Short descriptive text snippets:
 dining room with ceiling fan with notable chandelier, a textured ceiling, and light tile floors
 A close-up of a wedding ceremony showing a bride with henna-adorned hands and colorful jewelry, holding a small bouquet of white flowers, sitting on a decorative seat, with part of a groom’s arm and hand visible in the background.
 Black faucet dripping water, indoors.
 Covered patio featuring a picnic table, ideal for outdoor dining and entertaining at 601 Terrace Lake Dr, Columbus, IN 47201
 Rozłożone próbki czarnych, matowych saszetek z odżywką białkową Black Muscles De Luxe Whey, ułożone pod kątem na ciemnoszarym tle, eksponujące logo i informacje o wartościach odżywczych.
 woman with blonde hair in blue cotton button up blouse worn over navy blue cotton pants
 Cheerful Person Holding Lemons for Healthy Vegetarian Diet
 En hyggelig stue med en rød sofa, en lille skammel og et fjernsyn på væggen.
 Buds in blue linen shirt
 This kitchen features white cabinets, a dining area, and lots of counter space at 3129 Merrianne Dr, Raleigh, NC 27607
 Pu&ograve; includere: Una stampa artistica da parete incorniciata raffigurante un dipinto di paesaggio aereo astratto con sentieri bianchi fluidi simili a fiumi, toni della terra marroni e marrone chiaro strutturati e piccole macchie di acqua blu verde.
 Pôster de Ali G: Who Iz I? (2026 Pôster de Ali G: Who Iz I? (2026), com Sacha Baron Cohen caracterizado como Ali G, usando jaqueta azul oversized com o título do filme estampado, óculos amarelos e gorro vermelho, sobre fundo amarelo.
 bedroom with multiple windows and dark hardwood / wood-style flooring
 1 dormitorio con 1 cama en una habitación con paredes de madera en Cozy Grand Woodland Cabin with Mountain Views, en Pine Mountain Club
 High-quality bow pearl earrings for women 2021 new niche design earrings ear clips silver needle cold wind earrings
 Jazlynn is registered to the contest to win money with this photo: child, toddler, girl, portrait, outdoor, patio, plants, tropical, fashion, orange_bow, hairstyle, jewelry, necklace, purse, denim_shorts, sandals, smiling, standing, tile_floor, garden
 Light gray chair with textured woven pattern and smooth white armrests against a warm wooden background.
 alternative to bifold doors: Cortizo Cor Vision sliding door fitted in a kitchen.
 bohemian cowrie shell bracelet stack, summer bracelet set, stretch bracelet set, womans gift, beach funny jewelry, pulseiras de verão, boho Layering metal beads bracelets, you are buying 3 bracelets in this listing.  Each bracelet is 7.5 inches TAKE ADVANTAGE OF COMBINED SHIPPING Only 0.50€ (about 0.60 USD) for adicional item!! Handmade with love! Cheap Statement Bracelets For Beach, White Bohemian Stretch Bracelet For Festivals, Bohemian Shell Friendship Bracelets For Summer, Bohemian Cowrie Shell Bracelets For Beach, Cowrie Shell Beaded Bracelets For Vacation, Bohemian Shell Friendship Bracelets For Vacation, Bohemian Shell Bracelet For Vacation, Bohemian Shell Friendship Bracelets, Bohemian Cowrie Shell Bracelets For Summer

Required work ▸ Whenever a line of the data holds the string "outdoor", pick that line out.

Solution below ▸
 Covered patio featuring a picnic table, ideal for outdoor dining and entertaining at 601 Terrace Lake Dr, Columbus, IN 47201
 Jazlynn is registered to the contest to win money with this photo: child, toddler, girl, portrait, outdoor, patio, plants, tropical, fashion, orange_bow, hairstyle, jewelry, necklace, purse, denim_shorts, sandals, smiling, standing, tile_floor, garden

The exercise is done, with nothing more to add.